The idea is to help small farmers work plots that are far more labor-intensive than industrial agriculture, Jones said. But the broader goal is to support sustainable farming of locally grown food -- and to inspire people to get their hands dirty and grow something.
“Crop Mob is not a charity,” said Jones, who has a master’s in environmental education and now has a fellowship with a community development nonprofit group. “At its core, it’s about community -- farmers helping farmers. And when the ‘agricurious’ come out to help them and learn, well, that’s just icing on the top.”
As the number of independent farmers dwindles nationwide, central North Carolina is enjoying a resurgence in small farms. The sustainable agriculture program at nearby Central Carolina Community College has attracted students from around the country, many of whom settle locally after graduating.
The Crop Mob farmers are in their 20s and 30s in a nation where the average age of farmers is 57, according to the Department of Agriculture.
The Chapel Hill-Durham-Raleigh area is well stocked with farmers’ markets, food co-ops, organic-food stores and restaurants, as well as crop and dairy farms. It is home to thousands of the young, organic-loving, eat-local volunteers of the sort who dominate Crop Mobs.
“We work together, share a meal, play, talk and make music. No money is exchanged. This is the stuff that communities are made of,” the Crop Mob Facebook page explains, promoting the motto, “Dirt Don’t Hurt.”
Like many innovations, Crop Mob was born under mundane circumstances -- at a meeting of young farmers. At one point, Jones said, a young woman said she was tired of sitting around talking about their problems with nothing getting done.
“That resonated with people,” Jones said. “So we all agreed -- let’s come together, help each other out, and go to work.”
Crop Mobs have helped Oatis twice on his farm, which he calls Edible Earthscapes. He has reciprocated by joining mobs at five other farms.
Oatis and his wife, Haruka, lived and farmed in Japan for 11 years before starting their North Carolina farm two years ago.
They tried growing rice last year, harvesting 20 pounds from an experimental paddy. With the help of Crop Mob and a grant from a farming foundation, they hope to grow 2,000 pounds this year.
Kristin Henry, 30, is the group’s ad hoc spokeswoman -- when she’s not helping raise heirloom vegetables, goats and 40 chickens.
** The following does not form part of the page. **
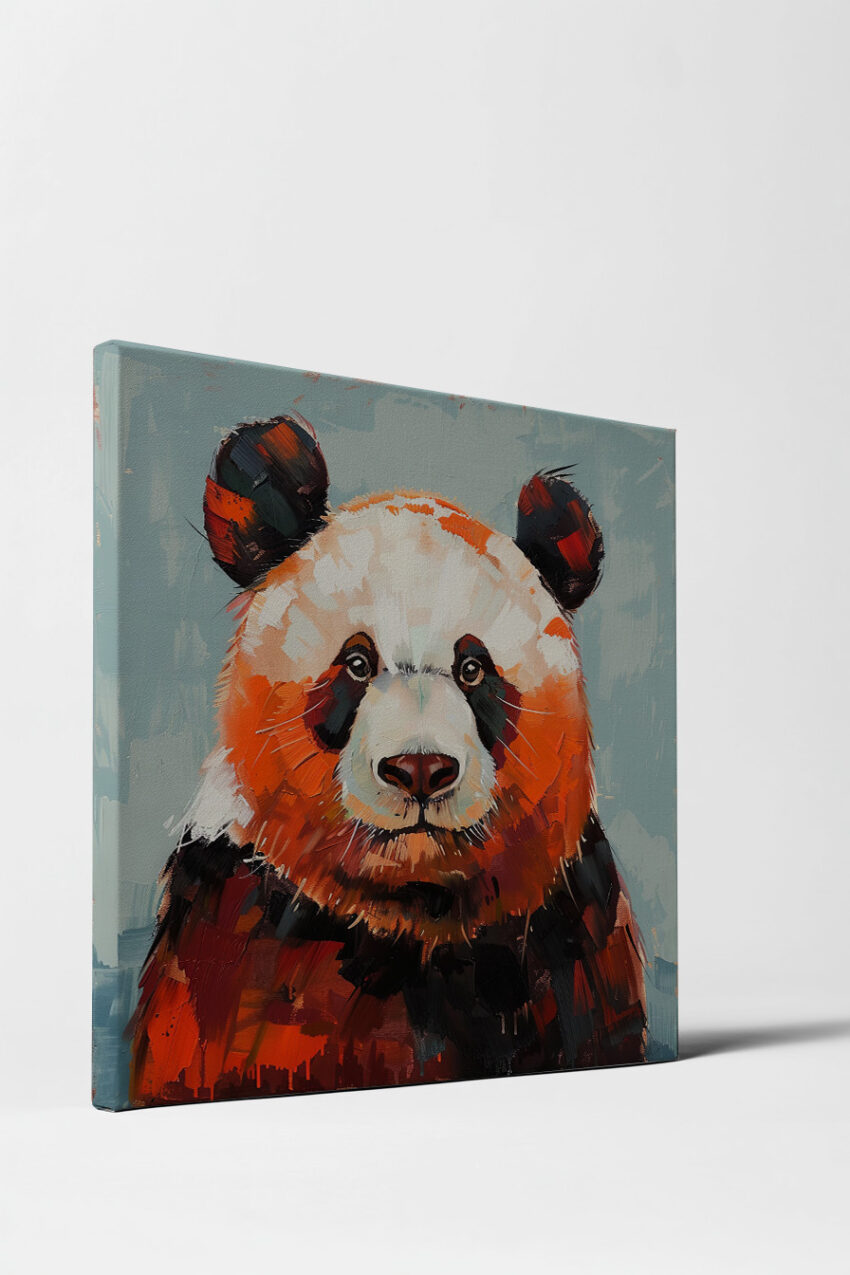 Digitale Kunst Poster Panda bunt farbig Kopf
More than 450 volunteers have signed up via the Internet, she said. An urban Crop Mob is in the works for nearby Carrboro, known for its food co-ops and community gardens.
“I hear from a lot of people that this is their source of inspiration -- just coming out and working the earth,” Henry said.
People from around the country and in Britain have contacted her to ask how to start Crop Mobs in their areas, she said. Two mobbers are heading to Spain to spread the word.
Bonnie Barrow, a massage therapist in nearby Pittsboro, cleared rocks and dug wet clay for rice paddies on Oatis’ farm after hearing about Crop Mob from a Facebook friend.
“I like dirt, and I like food,” she said.
Some Crop Mobbers are interns who work at local farms to learn farming techniques in exchange for food, lodging and small stipends.
Devin Ross, 25, who met Oatis at a Crop Mob, has lived and worked as an intern on Oatis’ farm since September.
“I knew absolutely nothing about farming when I started here,” Ross said, plunging a shovel into sopping wet dirt. “But I definitely do now.”